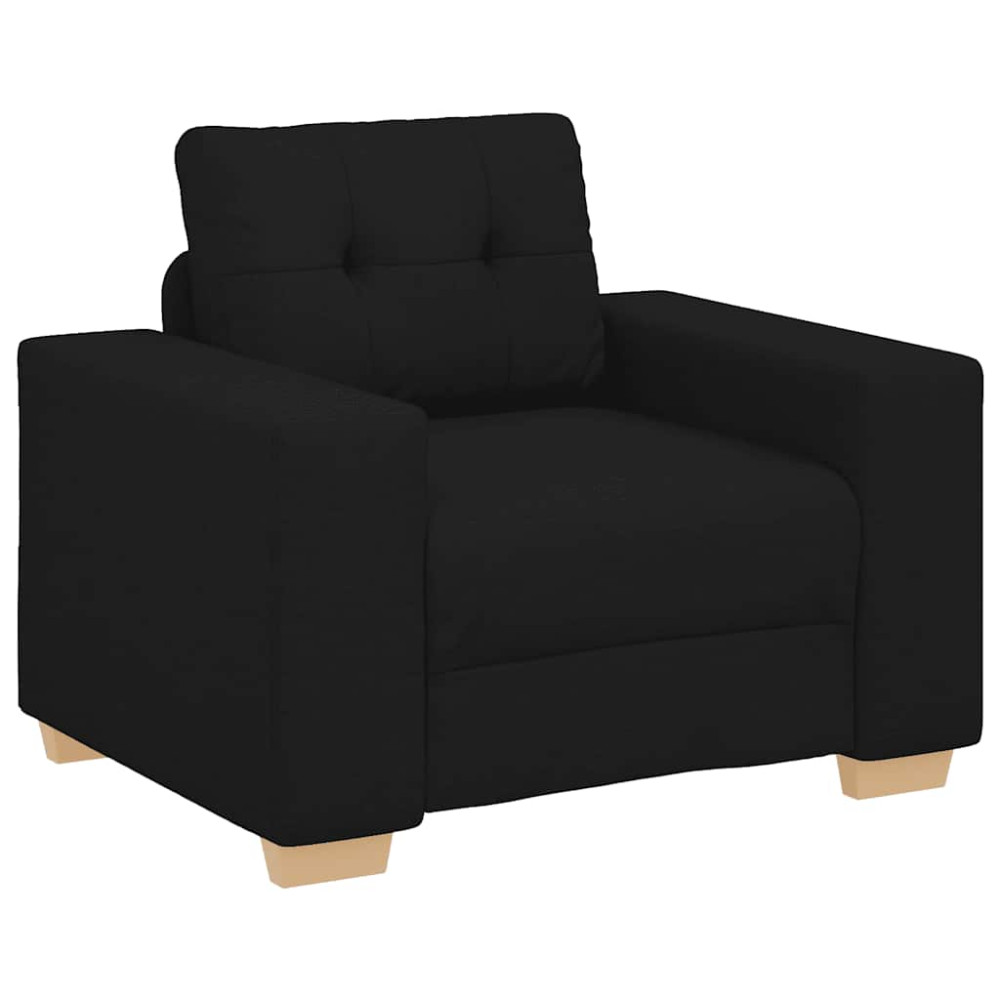 Produktbild för Fåtölj svart 100x78x80 cm tyg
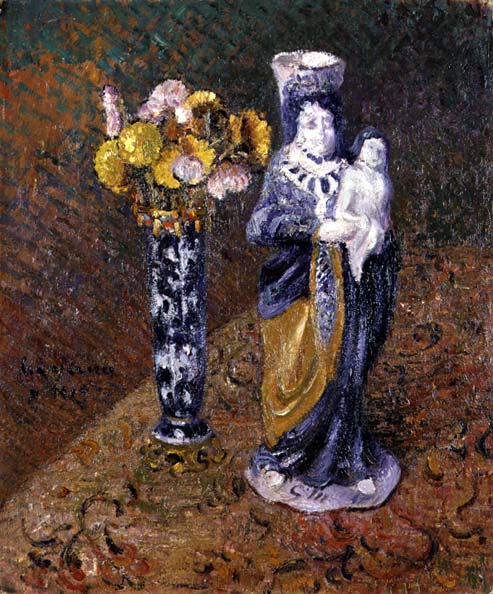 Цветы и статуэтка, 1910. Гюстав Луазо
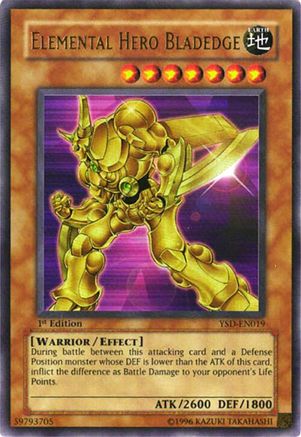Elemental Hero Bladedge (YSD-EN019) - Starter Deck 2006 Unlimited Starter Deck 2006 Yugioh Single  Squirtle Squad Card Shop.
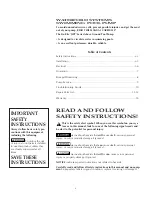 Preview for 2 page of STA-RITE JWPA5C Owner'S Manual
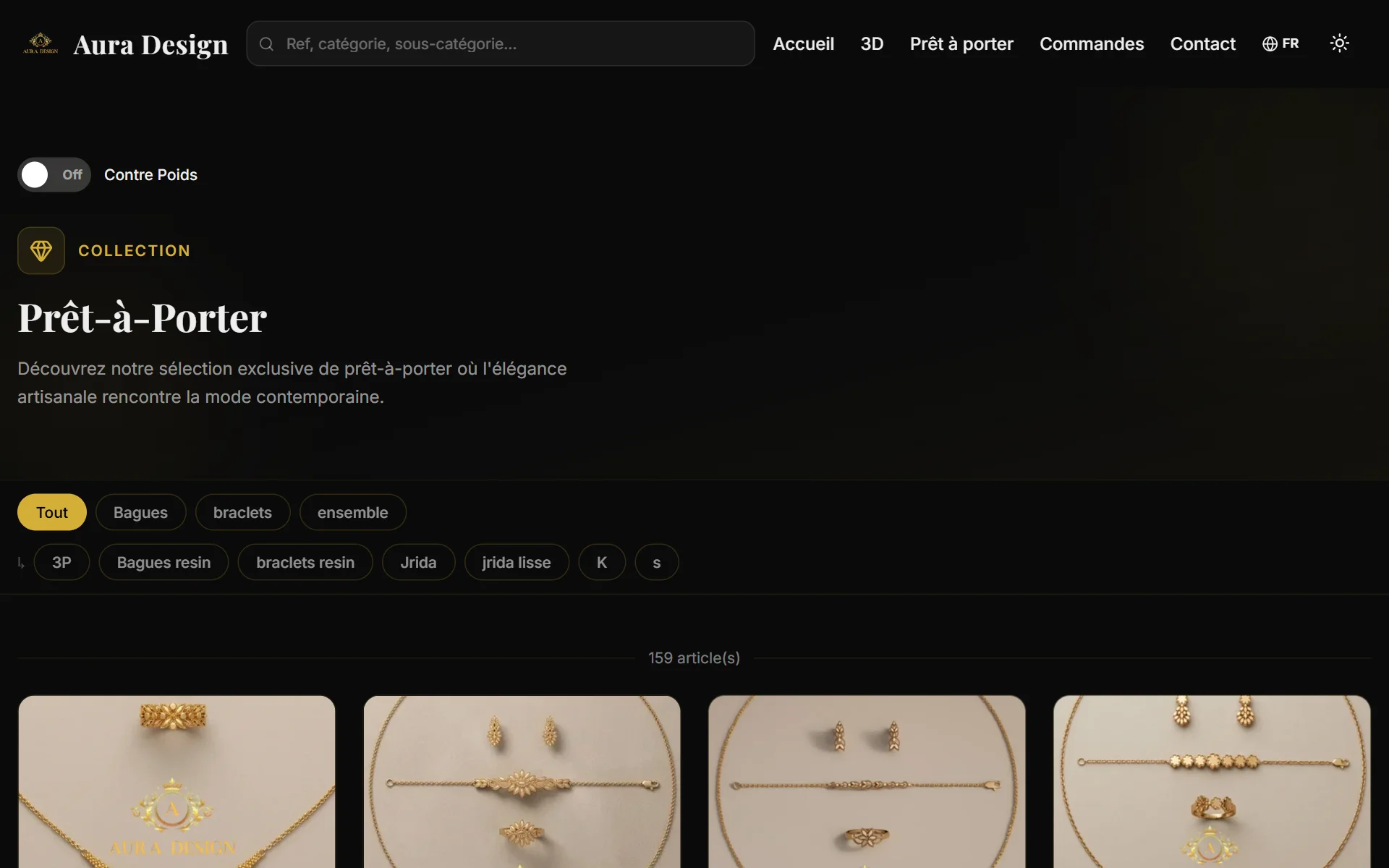 Aura Design — Bijouterie & Luxe 3D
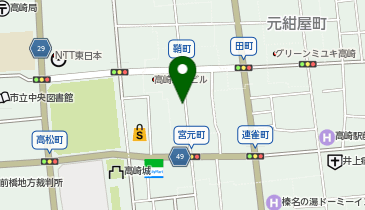 高崎まちなかコミュニティサイクル(高チャリ) さやもーるポートの地図画像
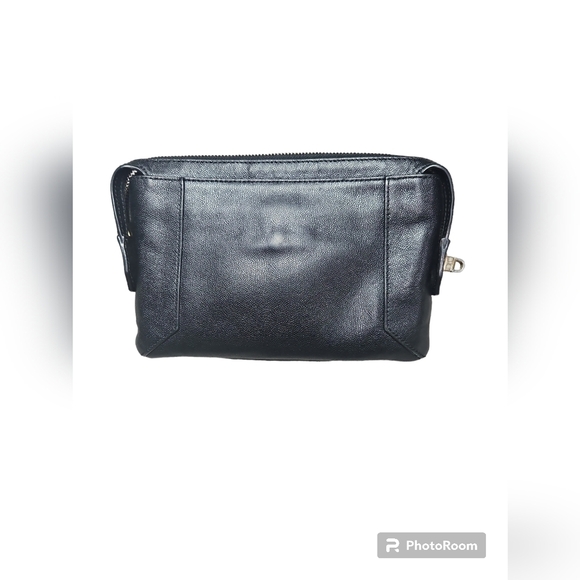 Henri Bendel Black Leather Crossbody Purse - Picture 2 of 8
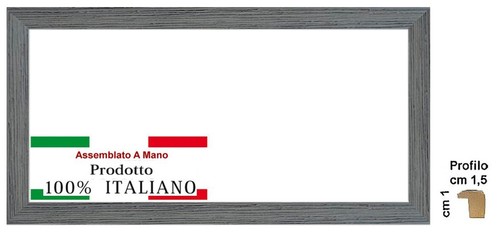 Cornice legno colore grigia - in,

-*-*-

## [Activity]
Down to the last line, set down the data above exactly, and omit all images.

## [Task result]
 Produktbild för Fåtölj svart 100x78x80 cm tyg
 Цветы и статуэтка, 1910. Гюстав Луазо
Elemental Hero Bladedge (YSD-EN019) - Starter Deck 2006 Unlimited Starter Deck 2006 Yugioh Single  Squirtle Squad Card Shop.
 Preview for 2 page of STA-RITE JWPA5C Owner'S Manual
 Aura Design — Bijouterie & Luxe 3D
 高崎まちなかコミュニティサイクル(高チャリ) さやもーるポートの地図画像
 Henri Bendel Black Leather Crossbody Purse - Picture 2 of 8
 Cornice legno colore grigia - in,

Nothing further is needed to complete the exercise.